Era evidentemente una imagen, lejos de mí la
incitación a quitarse la vida o la voluntad de desprestigiar una ciudad que he
vivido mucho y de la cual he contado sus avatares a partir de la Revolução dos Cravos.
Pero ese artículo no pasó desapercibido y,
además de algunos amigos portugueses, se me enojó incluso el entonces embajador
lusitano en una capital europea.
Con el recuerdo de esa imagen y de ese
artículo, ahora, con la observación cotidiana y viviendo cada minuto de esta
misma sociedad, casi podría atreverme – siempre con alguna “imagen” – a
escribir una larga pieza sobre Madrid.
Y correría el riesgo de que se me escapara
alguna afirmación como: “Hay pocos lugares, como Madrid (o sus redes sociales),
en los que se perciba un mejor caldo de cultivo para el odio, el odio visceral
que no deja espacio para acercarse con respeto a las razones del otro”.

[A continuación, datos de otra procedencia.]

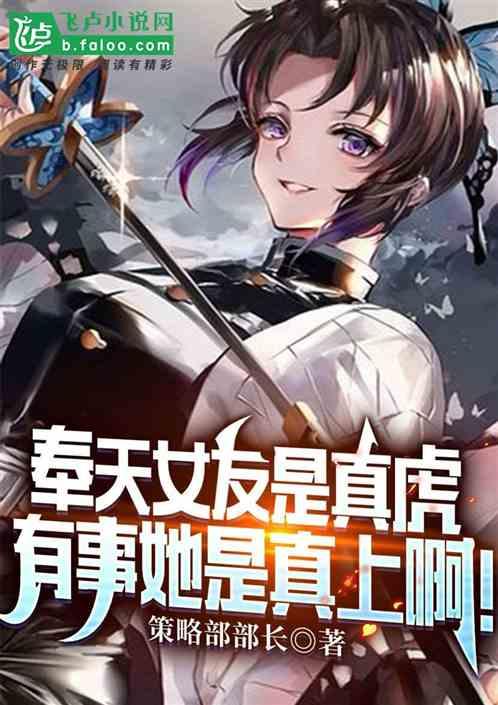 奉天美女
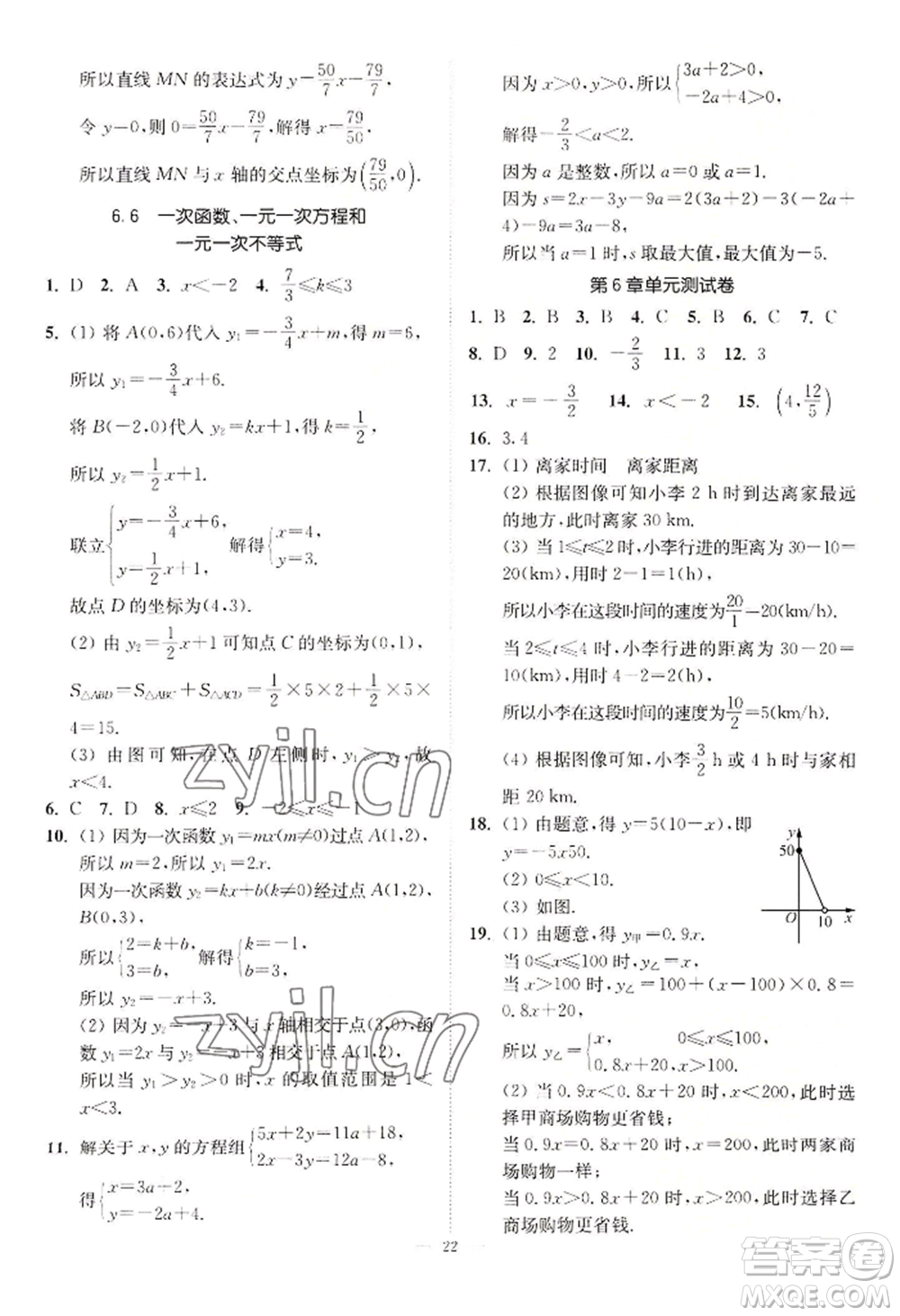 江蘇鳳凰美術(shù)出版社2022南通小題課時提優(yōu)作業(yè)本八年級上冊數(shù)學江蘇版參考答案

Pero sería una percepción incompleta, porque
la observación de cada día, acentuada en los últimos años, me llevaría a salir
de la capital y dar un amplio garbeo constatando más de lo mismo. Con todas su
excepciones, claro.
No creo que lo escribiré. ¿Para qué echarle
más gasolina al fuego de los incendiarios militantes de un odio que se guarda
en las tripas y se ostenta como oro en paño?